### Prompt
Omit all pictures, then repeat the listing exactly.
### Data under study ###
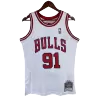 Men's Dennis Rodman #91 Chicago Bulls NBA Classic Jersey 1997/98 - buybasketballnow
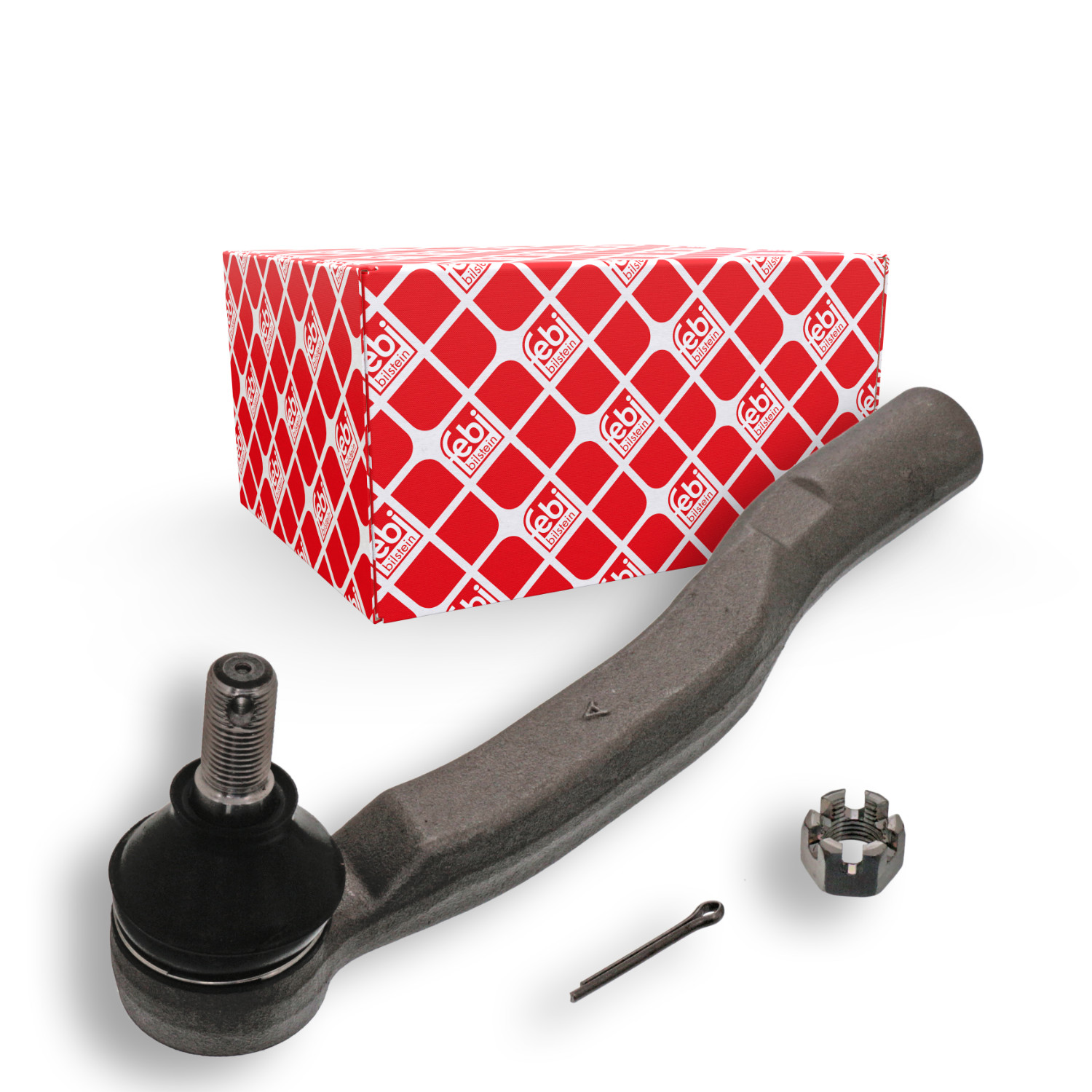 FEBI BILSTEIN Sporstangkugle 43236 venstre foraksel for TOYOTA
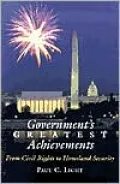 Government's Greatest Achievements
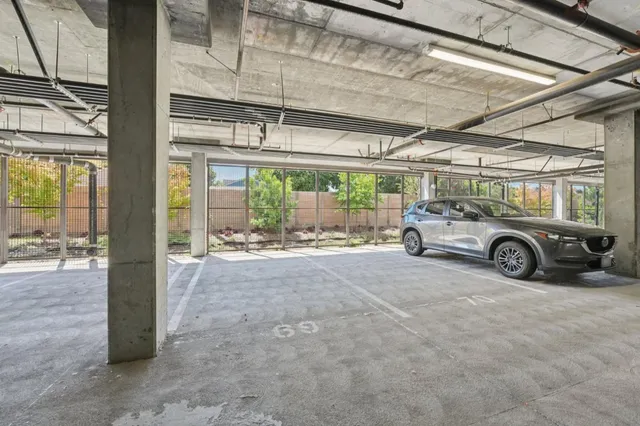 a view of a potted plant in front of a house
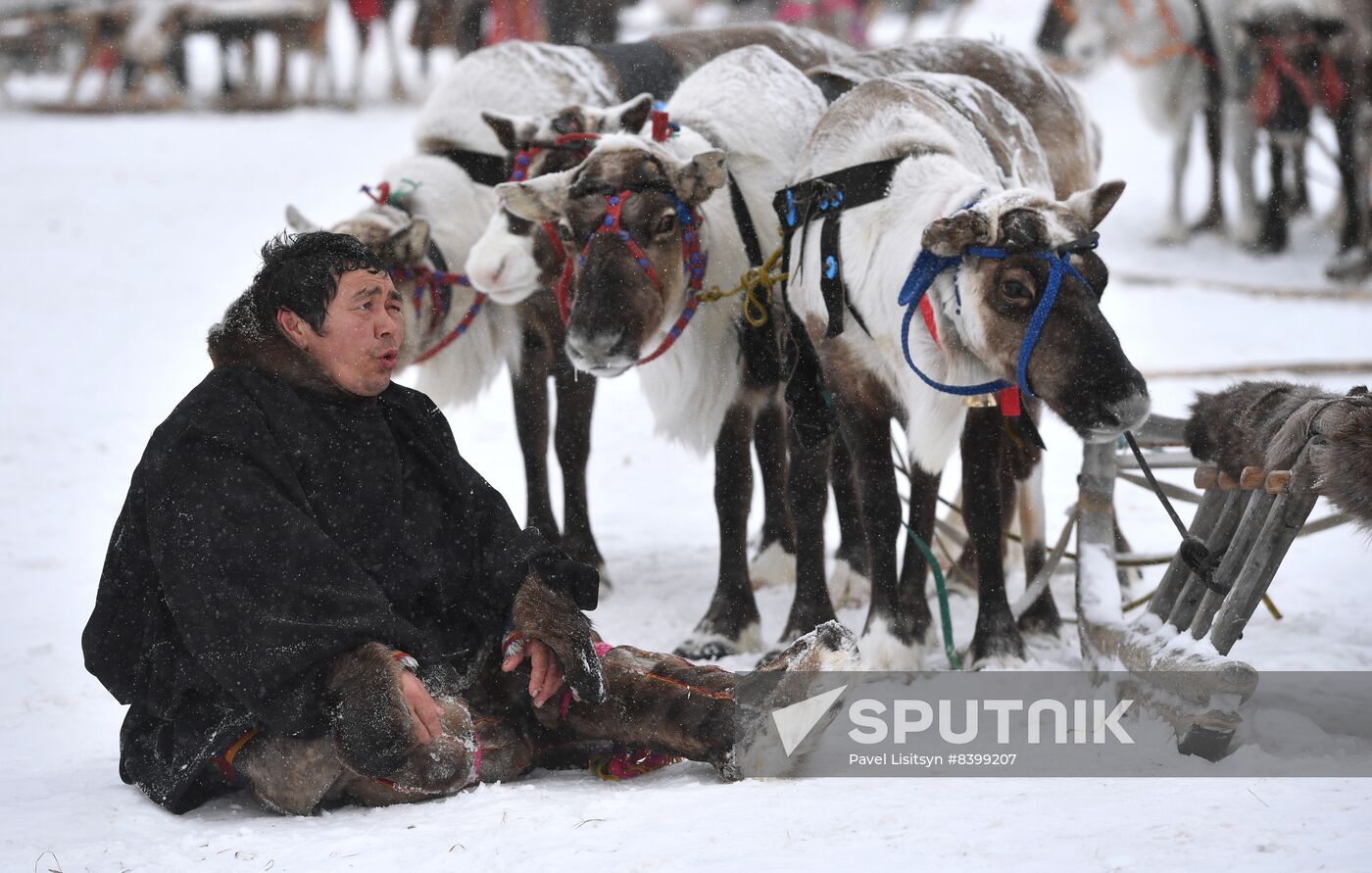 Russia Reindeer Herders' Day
###
### The answer
 Men's Dennis Rodman #91 Chicago Bulls NBA Classic Jersey 1997/98 - buybasketballnow
 FEBI BILSTEIN Sporstangkugle 43236 venstre foraksel for TOYOTA
 Government's Greatest Achievements
 a view of a potted plant in front of a house
 Russia Reindeer Herders' Day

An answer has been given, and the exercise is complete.